To support their request for a bond of $195,000, defendants submitted the declaration of James Nunemacher. Nunemacher stated that he was employed full time as a real estate agent and broker with Vanguard Properties. He opined that the residence's fair market value was $3,500,000 if bought in top condition, which was a decline from the previous sale price of $3,875,000.
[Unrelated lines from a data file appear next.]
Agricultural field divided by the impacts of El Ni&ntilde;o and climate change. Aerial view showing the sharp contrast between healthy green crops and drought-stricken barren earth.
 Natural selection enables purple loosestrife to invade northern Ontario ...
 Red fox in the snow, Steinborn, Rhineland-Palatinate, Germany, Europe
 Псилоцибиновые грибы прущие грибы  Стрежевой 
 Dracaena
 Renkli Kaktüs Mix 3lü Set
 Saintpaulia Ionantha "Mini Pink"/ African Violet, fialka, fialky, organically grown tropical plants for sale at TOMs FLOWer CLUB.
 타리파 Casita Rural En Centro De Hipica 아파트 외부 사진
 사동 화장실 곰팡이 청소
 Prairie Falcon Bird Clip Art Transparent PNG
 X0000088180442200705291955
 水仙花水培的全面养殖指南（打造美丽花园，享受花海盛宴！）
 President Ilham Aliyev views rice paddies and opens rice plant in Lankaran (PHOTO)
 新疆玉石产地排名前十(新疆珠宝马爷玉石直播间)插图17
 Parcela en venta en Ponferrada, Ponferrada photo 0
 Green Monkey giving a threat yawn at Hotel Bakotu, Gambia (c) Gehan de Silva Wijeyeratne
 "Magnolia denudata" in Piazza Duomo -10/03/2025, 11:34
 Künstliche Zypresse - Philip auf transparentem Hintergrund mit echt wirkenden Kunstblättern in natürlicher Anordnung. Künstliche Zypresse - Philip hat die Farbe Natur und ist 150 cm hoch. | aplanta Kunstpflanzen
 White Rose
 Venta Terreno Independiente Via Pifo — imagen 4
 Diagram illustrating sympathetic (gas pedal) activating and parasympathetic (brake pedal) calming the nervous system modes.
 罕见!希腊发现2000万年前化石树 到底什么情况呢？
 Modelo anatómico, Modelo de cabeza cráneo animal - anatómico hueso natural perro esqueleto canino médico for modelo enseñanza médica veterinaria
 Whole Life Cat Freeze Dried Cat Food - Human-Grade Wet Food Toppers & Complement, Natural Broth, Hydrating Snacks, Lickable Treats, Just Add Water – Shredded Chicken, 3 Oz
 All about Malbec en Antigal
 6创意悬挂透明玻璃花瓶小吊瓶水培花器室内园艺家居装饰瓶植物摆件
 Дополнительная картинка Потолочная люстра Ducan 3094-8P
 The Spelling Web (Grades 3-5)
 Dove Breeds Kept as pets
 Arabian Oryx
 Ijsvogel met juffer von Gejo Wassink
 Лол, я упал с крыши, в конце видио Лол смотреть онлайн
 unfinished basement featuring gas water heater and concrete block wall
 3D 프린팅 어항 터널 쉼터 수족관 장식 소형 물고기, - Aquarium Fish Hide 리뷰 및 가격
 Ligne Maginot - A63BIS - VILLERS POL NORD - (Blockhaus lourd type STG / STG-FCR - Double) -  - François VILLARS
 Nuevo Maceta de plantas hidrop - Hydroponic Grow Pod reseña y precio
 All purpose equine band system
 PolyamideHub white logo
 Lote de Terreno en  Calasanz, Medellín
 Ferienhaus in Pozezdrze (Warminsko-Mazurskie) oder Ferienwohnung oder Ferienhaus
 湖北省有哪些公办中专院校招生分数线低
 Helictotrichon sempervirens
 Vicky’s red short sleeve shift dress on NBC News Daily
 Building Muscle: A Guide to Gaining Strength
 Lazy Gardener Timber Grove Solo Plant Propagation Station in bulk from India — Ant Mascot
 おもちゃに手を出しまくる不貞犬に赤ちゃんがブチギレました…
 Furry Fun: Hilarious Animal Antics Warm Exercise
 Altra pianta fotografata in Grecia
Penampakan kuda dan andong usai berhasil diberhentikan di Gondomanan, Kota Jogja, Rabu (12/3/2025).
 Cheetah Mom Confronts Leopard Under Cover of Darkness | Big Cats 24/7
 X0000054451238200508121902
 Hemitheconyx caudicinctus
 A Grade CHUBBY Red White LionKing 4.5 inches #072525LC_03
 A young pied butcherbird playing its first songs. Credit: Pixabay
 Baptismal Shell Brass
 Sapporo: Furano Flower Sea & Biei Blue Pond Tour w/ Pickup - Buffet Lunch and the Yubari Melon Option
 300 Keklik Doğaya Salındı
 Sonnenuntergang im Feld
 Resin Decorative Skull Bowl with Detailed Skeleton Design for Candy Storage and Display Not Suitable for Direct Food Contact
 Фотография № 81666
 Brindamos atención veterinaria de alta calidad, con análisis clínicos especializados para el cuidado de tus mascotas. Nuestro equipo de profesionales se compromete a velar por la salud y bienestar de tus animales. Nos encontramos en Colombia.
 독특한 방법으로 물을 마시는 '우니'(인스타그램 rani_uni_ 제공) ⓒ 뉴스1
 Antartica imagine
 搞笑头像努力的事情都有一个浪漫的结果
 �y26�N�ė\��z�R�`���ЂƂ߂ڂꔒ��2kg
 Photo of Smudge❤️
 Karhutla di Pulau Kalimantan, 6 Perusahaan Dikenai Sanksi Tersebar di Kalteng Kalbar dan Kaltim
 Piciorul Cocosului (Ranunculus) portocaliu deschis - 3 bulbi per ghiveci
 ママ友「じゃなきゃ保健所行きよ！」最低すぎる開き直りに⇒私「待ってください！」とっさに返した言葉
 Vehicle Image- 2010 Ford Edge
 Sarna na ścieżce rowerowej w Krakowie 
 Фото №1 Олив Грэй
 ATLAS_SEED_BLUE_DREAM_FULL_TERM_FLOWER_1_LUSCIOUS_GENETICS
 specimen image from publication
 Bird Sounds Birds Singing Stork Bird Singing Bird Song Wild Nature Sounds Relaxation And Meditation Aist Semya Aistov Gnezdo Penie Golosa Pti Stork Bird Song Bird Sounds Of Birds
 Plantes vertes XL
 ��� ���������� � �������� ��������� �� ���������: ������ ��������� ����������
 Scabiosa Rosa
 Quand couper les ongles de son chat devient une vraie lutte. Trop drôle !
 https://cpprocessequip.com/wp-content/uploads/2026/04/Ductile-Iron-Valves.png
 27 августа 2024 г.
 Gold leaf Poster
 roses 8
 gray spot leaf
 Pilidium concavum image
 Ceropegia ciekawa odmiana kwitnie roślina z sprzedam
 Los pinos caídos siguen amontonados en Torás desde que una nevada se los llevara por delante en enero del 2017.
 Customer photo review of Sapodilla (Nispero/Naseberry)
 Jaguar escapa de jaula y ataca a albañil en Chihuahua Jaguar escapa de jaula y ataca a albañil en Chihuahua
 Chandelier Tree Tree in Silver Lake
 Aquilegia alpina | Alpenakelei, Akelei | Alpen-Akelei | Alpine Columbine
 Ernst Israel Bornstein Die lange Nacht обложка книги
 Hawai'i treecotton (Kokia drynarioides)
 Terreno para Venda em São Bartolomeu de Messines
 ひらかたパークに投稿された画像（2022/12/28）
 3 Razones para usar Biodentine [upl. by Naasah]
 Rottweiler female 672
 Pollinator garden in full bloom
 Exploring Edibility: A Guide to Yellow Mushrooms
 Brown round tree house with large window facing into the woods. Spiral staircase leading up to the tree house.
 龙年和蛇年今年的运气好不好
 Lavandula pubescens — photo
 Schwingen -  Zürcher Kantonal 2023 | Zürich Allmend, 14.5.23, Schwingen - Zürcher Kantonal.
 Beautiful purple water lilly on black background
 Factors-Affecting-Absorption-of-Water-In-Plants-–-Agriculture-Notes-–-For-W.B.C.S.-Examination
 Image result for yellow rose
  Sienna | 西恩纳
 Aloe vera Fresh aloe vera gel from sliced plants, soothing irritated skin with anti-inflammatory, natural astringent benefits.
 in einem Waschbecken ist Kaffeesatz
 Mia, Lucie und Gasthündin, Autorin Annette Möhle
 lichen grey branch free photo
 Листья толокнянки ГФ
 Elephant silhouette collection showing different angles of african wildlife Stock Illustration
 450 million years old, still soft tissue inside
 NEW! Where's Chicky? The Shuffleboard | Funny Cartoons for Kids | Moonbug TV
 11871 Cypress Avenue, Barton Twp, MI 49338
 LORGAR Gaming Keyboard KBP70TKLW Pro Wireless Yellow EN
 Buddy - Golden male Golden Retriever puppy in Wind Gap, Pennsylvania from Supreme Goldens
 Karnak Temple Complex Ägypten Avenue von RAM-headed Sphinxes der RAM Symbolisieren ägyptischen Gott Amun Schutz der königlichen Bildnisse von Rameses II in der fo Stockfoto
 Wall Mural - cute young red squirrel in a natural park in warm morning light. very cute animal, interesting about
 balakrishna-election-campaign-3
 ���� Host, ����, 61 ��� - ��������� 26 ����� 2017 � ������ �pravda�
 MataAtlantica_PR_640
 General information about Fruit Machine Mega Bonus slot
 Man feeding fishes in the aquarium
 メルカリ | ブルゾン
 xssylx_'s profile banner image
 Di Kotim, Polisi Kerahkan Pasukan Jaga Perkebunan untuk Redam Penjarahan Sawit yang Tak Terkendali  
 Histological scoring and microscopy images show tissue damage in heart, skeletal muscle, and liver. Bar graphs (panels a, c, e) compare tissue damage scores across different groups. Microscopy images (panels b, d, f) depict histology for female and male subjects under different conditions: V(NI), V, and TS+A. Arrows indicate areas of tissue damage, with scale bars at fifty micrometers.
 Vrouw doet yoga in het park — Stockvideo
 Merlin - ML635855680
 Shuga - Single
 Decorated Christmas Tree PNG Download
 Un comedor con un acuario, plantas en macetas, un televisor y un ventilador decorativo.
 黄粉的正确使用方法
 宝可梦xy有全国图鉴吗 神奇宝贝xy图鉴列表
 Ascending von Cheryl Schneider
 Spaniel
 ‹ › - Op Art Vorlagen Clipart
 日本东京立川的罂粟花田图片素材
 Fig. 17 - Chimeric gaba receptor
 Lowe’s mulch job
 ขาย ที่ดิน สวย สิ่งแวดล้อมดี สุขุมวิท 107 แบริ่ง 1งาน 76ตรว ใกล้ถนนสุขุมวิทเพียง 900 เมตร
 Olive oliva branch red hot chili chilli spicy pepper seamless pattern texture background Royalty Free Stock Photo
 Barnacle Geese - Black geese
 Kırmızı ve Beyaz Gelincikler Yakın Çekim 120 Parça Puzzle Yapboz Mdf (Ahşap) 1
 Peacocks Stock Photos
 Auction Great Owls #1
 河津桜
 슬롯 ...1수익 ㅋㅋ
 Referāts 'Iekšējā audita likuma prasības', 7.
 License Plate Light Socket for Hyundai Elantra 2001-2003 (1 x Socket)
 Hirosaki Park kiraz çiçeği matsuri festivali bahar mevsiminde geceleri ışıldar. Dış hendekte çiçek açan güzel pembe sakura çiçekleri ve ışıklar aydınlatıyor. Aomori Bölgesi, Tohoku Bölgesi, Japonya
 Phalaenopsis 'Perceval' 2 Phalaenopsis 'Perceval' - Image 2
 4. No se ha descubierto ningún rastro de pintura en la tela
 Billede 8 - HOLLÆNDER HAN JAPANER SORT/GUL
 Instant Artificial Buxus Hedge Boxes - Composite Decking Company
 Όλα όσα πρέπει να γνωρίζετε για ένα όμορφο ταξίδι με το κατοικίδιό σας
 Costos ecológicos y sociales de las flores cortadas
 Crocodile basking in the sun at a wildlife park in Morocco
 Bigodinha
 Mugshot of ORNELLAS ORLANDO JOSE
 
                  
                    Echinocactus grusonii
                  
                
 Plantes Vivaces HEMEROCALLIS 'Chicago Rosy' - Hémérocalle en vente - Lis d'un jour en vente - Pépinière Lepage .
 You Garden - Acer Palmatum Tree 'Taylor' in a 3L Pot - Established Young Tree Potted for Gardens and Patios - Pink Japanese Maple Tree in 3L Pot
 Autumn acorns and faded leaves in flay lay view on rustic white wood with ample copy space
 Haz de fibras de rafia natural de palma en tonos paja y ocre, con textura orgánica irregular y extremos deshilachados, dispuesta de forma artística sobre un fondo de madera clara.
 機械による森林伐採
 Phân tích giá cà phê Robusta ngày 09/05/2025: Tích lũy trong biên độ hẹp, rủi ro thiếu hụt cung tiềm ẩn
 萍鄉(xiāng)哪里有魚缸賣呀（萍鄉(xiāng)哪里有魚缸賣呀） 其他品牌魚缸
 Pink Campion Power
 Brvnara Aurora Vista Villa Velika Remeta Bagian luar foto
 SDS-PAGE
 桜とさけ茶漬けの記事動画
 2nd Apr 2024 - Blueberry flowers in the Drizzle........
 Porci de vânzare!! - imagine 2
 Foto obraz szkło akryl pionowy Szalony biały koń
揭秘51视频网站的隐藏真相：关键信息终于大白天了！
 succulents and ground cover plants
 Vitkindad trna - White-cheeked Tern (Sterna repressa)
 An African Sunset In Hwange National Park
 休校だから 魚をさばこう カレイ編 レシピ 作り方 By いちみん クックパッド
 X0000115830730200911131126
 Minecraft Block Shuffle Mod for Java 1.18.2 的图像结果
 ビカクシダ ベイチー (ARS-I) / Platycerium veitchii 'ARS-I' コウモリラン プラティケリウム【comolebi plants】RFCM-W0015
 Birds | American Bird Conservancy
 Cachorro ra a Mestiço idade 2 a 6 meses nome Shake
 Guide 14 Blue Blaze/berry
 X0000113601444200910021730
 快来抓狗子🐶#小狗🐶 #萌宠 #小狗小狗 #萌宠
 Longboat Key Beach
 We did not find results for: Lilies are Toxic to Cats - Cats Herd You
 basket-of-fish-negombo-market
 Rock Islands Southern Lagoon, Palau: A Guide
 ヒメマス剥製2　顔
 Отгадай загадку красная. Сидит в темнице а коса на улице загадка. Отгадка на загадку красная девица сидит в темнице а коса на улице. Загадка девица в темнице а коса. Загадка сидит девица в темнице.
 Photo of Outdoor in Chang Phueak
The court held the OSC hearing on August 12, 2010. The court stated that its tentative ruling was to grant the preliminary injunction and to require McCoy to post a bond in the amount of $100,000. After counsel for defendant argued that it was not probable that McCoy would prevail on the merits of his claims, counsel argued the issue of a bond. Counsel declared that McCoy was "financially distressed borrower who really" was not "bondable in probably . . . any amount."

Counsel contended that McCoy was not seeking to rescind the contract but wanted to keep the property and collect damages. Consequently, defendants' attorney maintained that McCoy should have to pay the amounts not in dispute. Counsel observed that McCoy was claiming that the sewer repair would cost $150,000. He proposed that this sum be credited for the purposes of the injunction and that the court order McCoy to pay interest on the undisputed amount, which was approximately $895,000 minus $150,000.

In support of this argument, counsel cited to Weil & Brown, California Practice Guide: Civil Procedure Before Trial (The Rutter Group 2010) paragraphs 9:672 to 9:674, page 9(11)-42. These paragraphs state: "Attempts to enjoin foreclosures under the usual power of sale provisions in deeds of trust are common. The usual showing attempted is that there is a dispute over the right to sell or the amount necessary to reinstate." (Id. at [¶] 9.672.) "The court will examine the claim carefully to make sure that there is a bona fide dispute as to enforceability or default, rather than a mere attempt to 'stall' payment of an amount clearly due. [Citation.]" (Id. at [¶] 9.673.) "If a bona fide dispute exists, [preliminary injunctions] are frequently granted, but on conditions designed to prevent prejudice to the defendant. The common conditions are payment of amounts not in dispute, continuing payments during litigation, keeping prior liens out of default, paying taxes and insurance, and waiving any claim that accepting payments pursuant to the conditions waives the default." (Id. at [¶] 9.674.)

The court responded: "So the way I calculate it, it would be interest on [$]745,000; is that correct?" Counsel for defendants agreed. Counsel explained that the original note amount was $5,971 and $1,000 a month could be deducted as that equaled the interest on $150,000, since the interest rate was 8 percent. Counsel stated that if McCoy resumed payments of $4,971.76 per month to Page starting on the effective date of the injunction and continued to pay that amount as well as keeping the taxes current, then a bond would not be needed.

Counsel for McCoy responded that if McCoy had been able to refinance, the interest rate would have been significantly less than 8 percent. He also argued that he did not want to make payments to this "imposter LLC."

The court advised that it wanted to ensure that defendants would not be harmed by the injunction. The court favored the solution urged by defendants' counsel as it believed that this solution would maintain the status quo until the matter was resolved.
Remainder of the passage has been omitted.